7. Reevaluating the role, if any, of relative TSR as an explicit incentive plan measure,, such as:
a. Recognizing that relative TSR is not a required incentive measure, rather that it is critical to assess TSR and financial performance relative to peers over various time periods, the prevalence of using relative TSR appears to be plateauing.
b. Recasting how relative TSR is used by those companies with relative TSR as a metric by reducing its weighting (if used as a separate measure) or applying it as a modifier.
8. Granting special equity-based awards in select situations. Such awards may be particularly important to consider in times of succession planning or a significant change (e.g., shift in strategy or business mix, transaction.). While some “grand slam” grants have raised concerns, the use of special grants within a range of base salary or the regular long-term incentive grant (e.g., 0.5x to 2x) may have a role, particularly when used below the proxy-named officers and structured as performance-based grants.
9. Using equity strategically to recognize and reward key talent, which allows for awards over-and-above the regular annual long-term incentive grants to executives or, for those employees that do not regularly participate in grants, to receive high-impact awards. This is extremely effective and relatively easy to implement, particularly below the NEO level.
How can the compensation committee and management work together to address the challenge for homogenization?

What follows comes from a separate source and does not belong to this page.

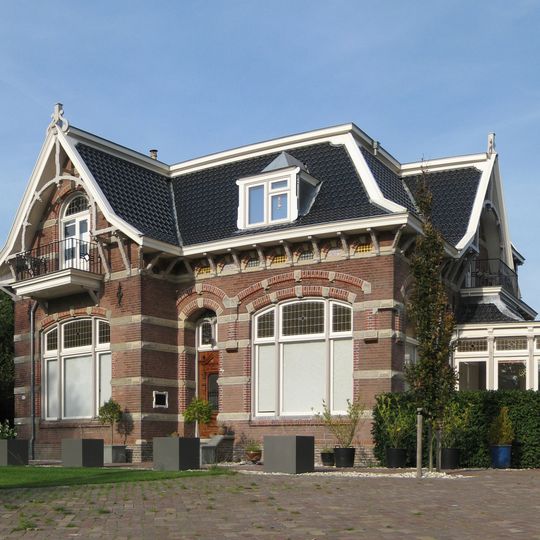 Villa in eclectische stijl met chaletstijl-elementen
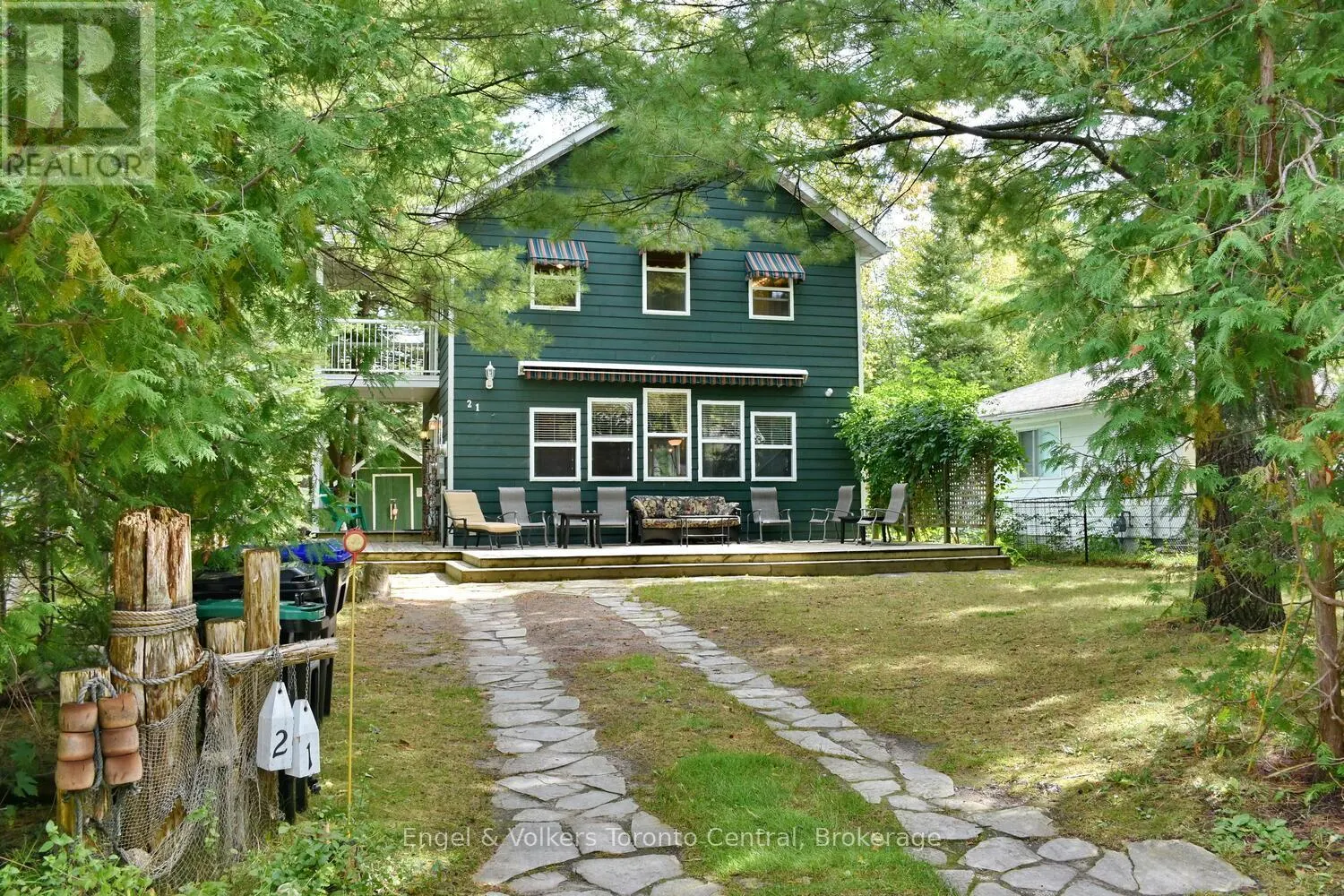21 47TH STREET N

- Critical to resisting the pressure for homogenization is having clear and compelling pay program design, goal setting rationale and analysis of multi-year outcomes.

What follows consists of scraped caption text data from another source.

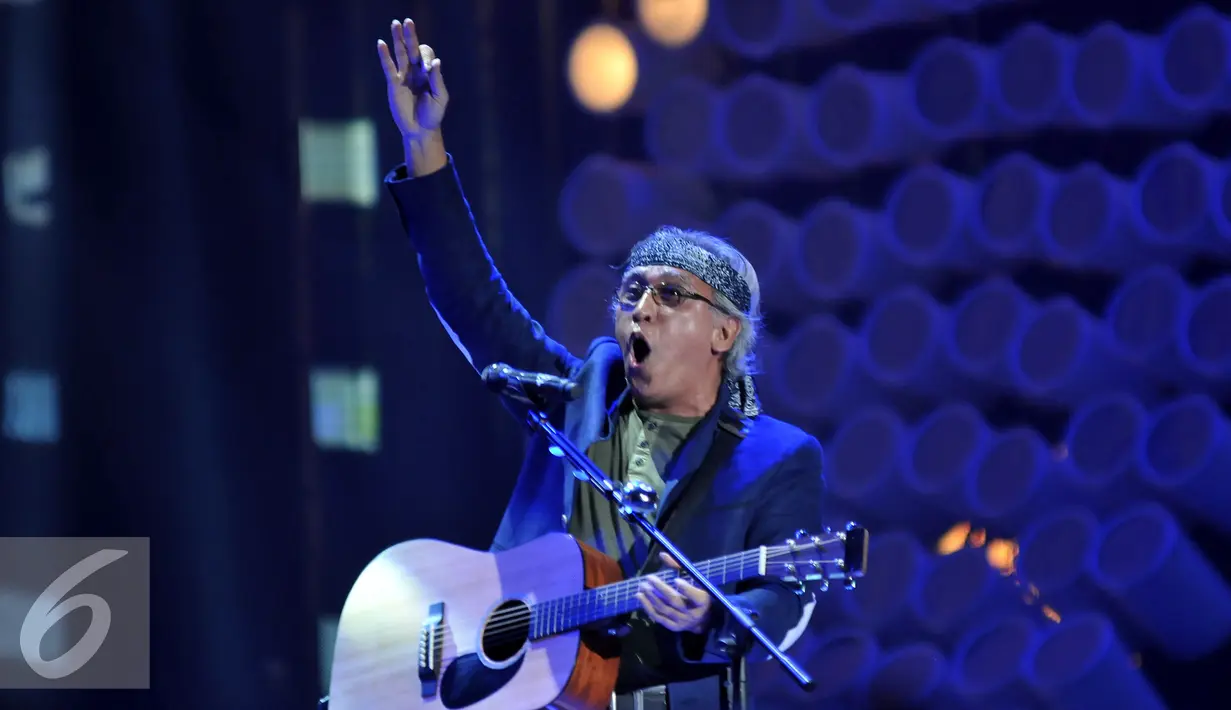 Iwan Fals merupakan satu dari musisi papan atas yang mengisi malam puncak HUT 26 SCTV, Jakarta, Rabu (24/8). Musisi lain seperti NOAH, Raisa, dan Afgan turut memeriahkan panggung Istora Senayan. (Liputan6.com/Johan Tallo)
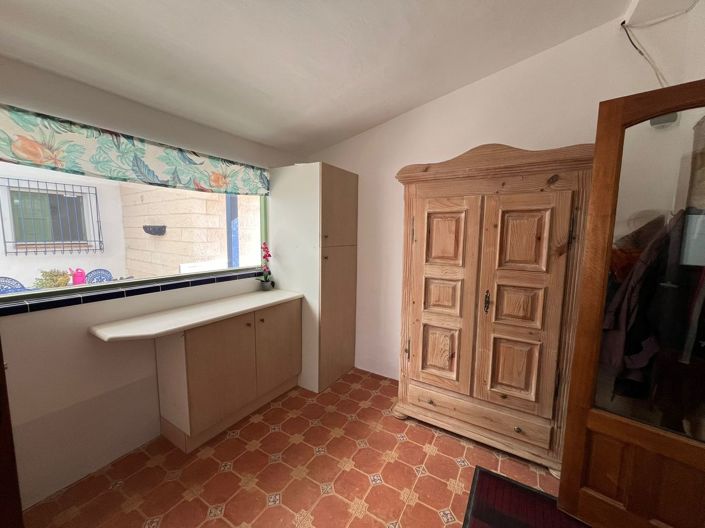 Image No.33-6 Bed Finca for sale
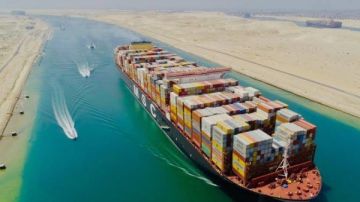 رد ناري من رئيس الكلية البحرية الأسبق على تصريحات ترامب لقناة السويس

- In this regard, as with all substantive executive pay decisions, it is critical to begin and end with the company’s business strategy and talent needs.
- As such, management has an integral role to clearly articulate the key elements of the business strategy and talent needs and “connect the dots” to the pay program design, particularly the selection of performance measures, setting of goals and financial results.
- Since the long-term stock incentives are typically the largest component of the annual pay opportunity, additional multi-year disclosure may be warranted. In this regard, it is important to discuss the selection of award types, grant mix, metrics and performance/vesting periods and their connection to helping the company attract, motivate and retain the talent to deliver on the company’s ultimate goal of creating long-term shareholder value.
- In partnership, the compensation committee and management need to ensure the proxy CD&A clearly captures the compelling pay-performance facts (as outlined in the above points).
There will always be some external pressures including some areas that have compelling reasons to conform. Nevertheless, companies should ensure that the pay program best achieves its business and talent needs to create shareholder value—and thus satisfy shareholders—while being mindful of external views regarding “best” and “typical” market practices.